The lake contains exceptionally clear water with a Secchi depth of 7-16 metres in the pelagic zone. It is rich in macrophytes, among which the littoral vegetation includes a discontinuous strip of Common Reed (Phragmites australis) extending around 1.5 metres into the water, dense stands of angiosperms (particularly Potamogeton perfoliatus) to depths of c. four metres, and a largely continuous dense belt of stonewort (Chara spp.) at depths of four metres to c. 11 metres, extending to c. 18.5 metres in places.

The lake’s low-nutrient, high-oxygen environment supports an exceptional biodiversity consisting of at least 1,200 taxa, of which more than 200 are endemic. It is thus among the most species-rich inland water bodies on Earth when surface area is taken into account. The lake is also considered to be a hotspot of endemic salmonid diversity, with up to five recognised species (see 'Taxonomic Notes').
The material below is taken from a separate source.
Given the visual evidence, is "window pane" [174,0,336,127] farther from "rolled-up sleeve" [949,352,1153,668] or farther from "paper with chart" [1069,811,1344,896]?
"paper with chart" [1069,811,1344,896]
The Struga Trout's biology and ecology are largely unknown. The annual reproductive period is understood to extend from December to January, when spawning putatively takes place on sandy substrata in the littoral zone at the northern end of the lake. The major breeding sites were reportedly located in the Black Drin River, but these were flooded due to the construction of the Globochica hydroelectric dam during the 1960s. The installation of a weir on the outlet of Lake Ohrid at Struga may also have impeded access to the river in one or both directions.

The Lake Ohrid ecosystem is currently threatened by a series of factors, but this species' decline is believed to have been driven by dam construction on the Black Drin River (see 'Habitat and Ecology').
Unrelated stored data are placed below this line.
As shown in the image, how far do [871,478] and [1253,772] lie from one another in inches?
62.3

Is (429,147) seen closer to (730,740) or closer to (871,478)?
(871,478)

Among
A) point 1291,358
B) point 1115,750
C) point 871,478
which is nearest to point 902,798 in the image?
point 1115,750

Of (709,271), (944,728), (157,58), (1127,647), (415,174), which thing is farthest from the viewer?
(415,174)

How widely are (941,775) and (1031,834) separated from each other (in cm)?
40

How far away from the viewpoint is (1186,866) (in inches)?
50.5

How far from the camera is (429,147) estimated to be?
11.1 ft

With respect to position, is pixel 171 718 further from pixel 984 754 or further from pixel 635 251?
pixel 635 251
Lake Ohrid supports a long-established commercial fishery, with Ohrid Trout (Salmo letnica), Ohrid Belvica (Salmo ohridanus), Skadar Bleak (Alburnus scoranza), European Eel (Anguilla anguilla) and the non-native Eurasian Carp (Cyprinus domestic strain) comprising the most important species. The Struga Trout was apparently harvested during the 20^th century, but no explicit data are available.

A hatchery-based supportive breeding and stocking programme for the Ohrid Trout has been established at the Hydrobiological Institute Ohrid in the Republic of North Macedonia since 1935, and the Struga Trout was apparently reared at a separate hatchery during the 1960s.

The North Macedonian portion of Lake Ohrid has been included in UNESCO's list of World Heritage sites since 1979. A bilateral agreement between Albania and North Macedonia resulted in establishment of the Ohrid Watershed Management Committee in 2004 and the Ohrid-Prespa Transboundary Biosphere Reserve in 2014. At the national scale, a number of additional protected sites have been created around the lake, including the Pogradec Aquatic and Terrestrial Protected Landscape and Drilon National Monument in Albania, and the Lake Ohrid Monument of Nature and Galičica National Park in North Macedonia. In April 2021, Lake Ohrid was added to the Ramsar Convention on Wetlands of International Importance (site 2449).

Efforts to reinforce the Ohrid Trout fishery through supportive rearing and restocking have taken place in most years since 1935, but there exist only vague references to this species' inclusion in the programme.

Dedicated field surves are required to clarify whether this species' remains extant.